_RAW DATA_
↓

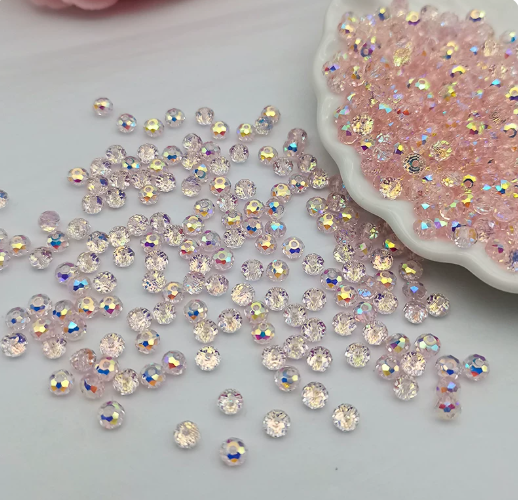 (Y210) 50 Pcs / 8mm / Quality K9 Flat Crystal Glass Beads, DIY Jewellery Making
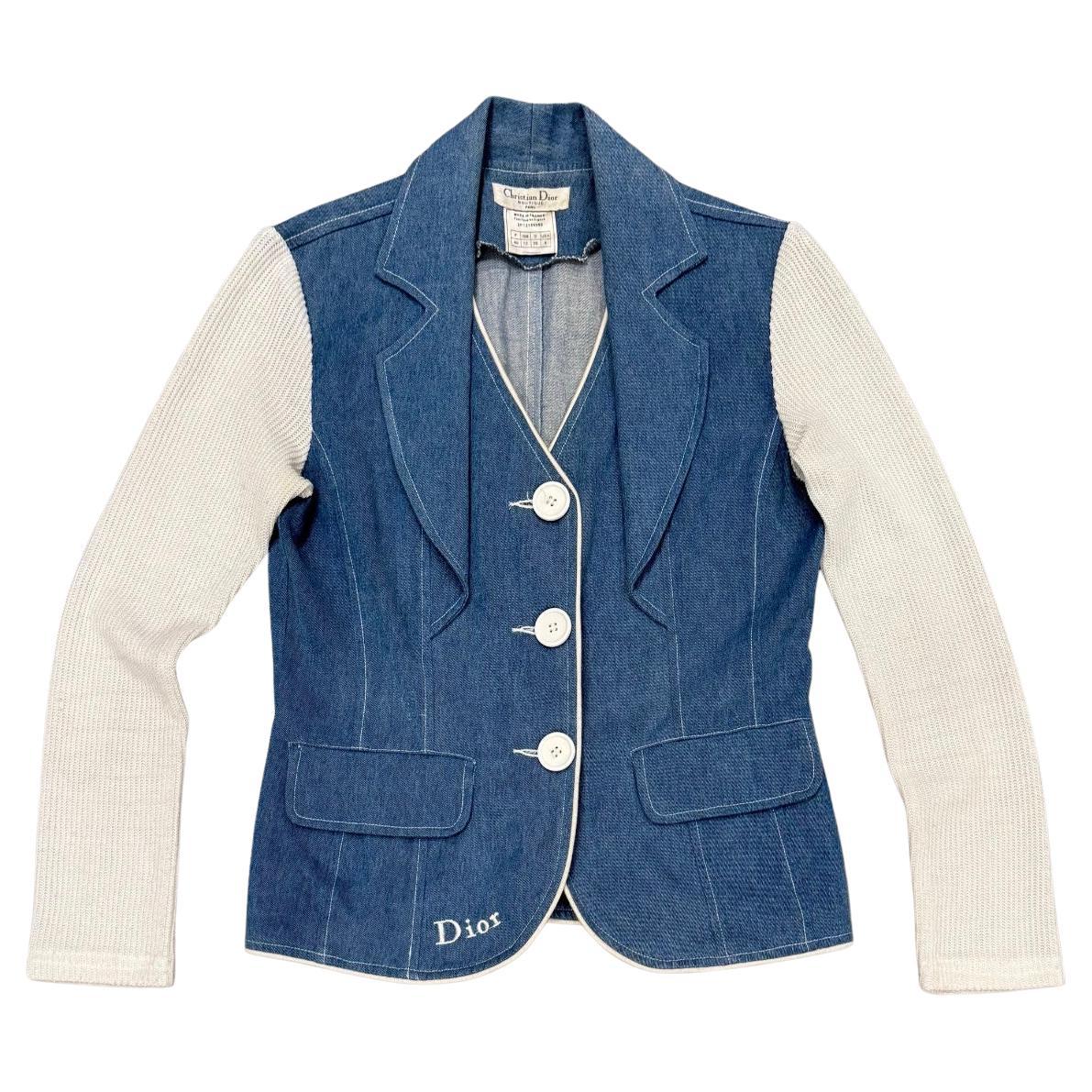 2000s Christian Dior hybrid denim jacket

↑
↓

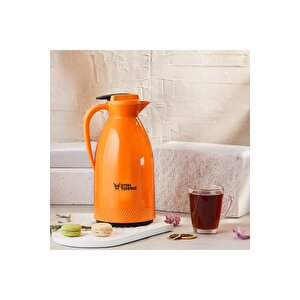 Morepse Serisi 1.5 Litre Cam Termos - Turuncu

↑

_INSTRUCTIONS TO FOLLOW_
From the records above, quote word for word only the lines beginning at the line that has "(Y210) 50 Pcs" and stopping after the line that has "2000s Christian Dior hybrid denim jacket". Omit the pictures.

_RESULT FOR THIS TASK_
 (Y210) 50 Pcs / 8mm / Quality K9 Flat Crystal Glass Beads, DIY Jewellery Making
 2000s Christian Dior hybrid denim jacket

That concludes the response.